While there’s no one-size-fits-all, step-by-step method for personal branding, I’ve found that you can plot your course along a three-step maturity spectrum: basic, intermediate, and advanced.

Read on to see where you currently sit within the personal branding maturity spectrum, and discover actionable recommendations for taking your personal brand to the next level.

Basic: Complete Your LinkedIn Profile

At the bottom of the personal branding spectrum is a complete LinkedIn profile. It’s not enough to publish a bare-bones profile. Our research has found that 50% of buyers will avoid sales professionals with incomplete profiles.

The easiest way to exude professionalism, helpfulness, and competence online is by completing your LinkedIn profile. Your profile shapes how sales prospects perceive you when you’re not around to defend yourself.

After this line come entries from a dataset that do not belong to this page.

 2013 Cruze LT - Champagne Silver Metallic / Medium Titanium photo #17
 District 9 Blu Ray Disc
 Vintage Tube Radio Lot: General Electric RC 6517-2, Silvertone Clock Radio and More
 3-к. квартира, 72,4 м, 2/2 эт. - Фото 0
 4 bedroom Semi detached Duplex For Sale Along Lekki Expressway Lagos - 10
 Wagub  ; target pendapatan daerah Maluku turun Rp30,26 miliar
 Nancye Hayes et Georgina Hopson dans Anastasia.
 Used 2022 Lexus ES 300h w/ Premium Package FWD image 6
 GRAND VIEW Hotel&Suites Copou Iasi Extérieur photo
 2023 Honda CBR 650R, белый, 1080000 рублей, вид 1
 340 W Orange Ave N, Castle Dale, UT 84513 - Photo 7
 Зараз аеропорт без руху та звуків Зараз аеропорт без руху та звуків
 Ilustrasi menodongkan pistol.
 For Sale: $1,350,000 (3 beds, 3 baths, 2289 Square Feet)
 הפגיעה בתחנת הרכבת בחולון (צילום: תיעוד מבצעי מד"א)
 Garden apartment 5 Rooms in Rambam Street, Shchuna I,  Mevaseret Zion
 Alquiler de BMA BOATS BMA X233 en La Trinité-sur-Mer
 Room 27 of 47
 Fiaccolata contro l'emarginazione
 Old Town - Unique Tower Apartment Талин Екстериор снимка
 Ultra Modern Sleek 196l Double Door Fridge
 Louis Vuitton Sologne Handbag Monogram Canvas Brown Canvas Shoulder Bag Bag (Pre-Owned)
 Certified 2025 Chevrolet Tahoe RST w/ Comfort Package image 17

A strong LinkedIn presence doesn’t need to be difficult. There’s more than one way to increase the comfort level of your sales prospects at the very moment they ask themselves: “Can I see myself working with this salesperson?” 

Feature a professional photo, strong headline, and a summary that invite engagement. In addition to being professional, the photo should be friendly and representative of you in a face-to-face sales setting. Customize your headline to describe your experience and vision in a way that emphasizes your value to clients. Get to the gist by explaining who you help and how.

Then, populate the summary and experience sections to showcase how your approach and experience benefits your customers. Maximize your real estate to explain what makes you different. Sell yourself the same way you’d sell anything else – buyers aren’t interested in your “features” – they are only interested in how they will personally benefit from working with you. 

As an example, here’s a LinkedIn profile that serves as an example of a strong social selling presence: Carly Wennogle. Her photo is professional yet warm, she highlights her value in the headline and summary, she publishes content relevant to her target audience, and has compiled an impressive number of endorsements (more on endorsements below).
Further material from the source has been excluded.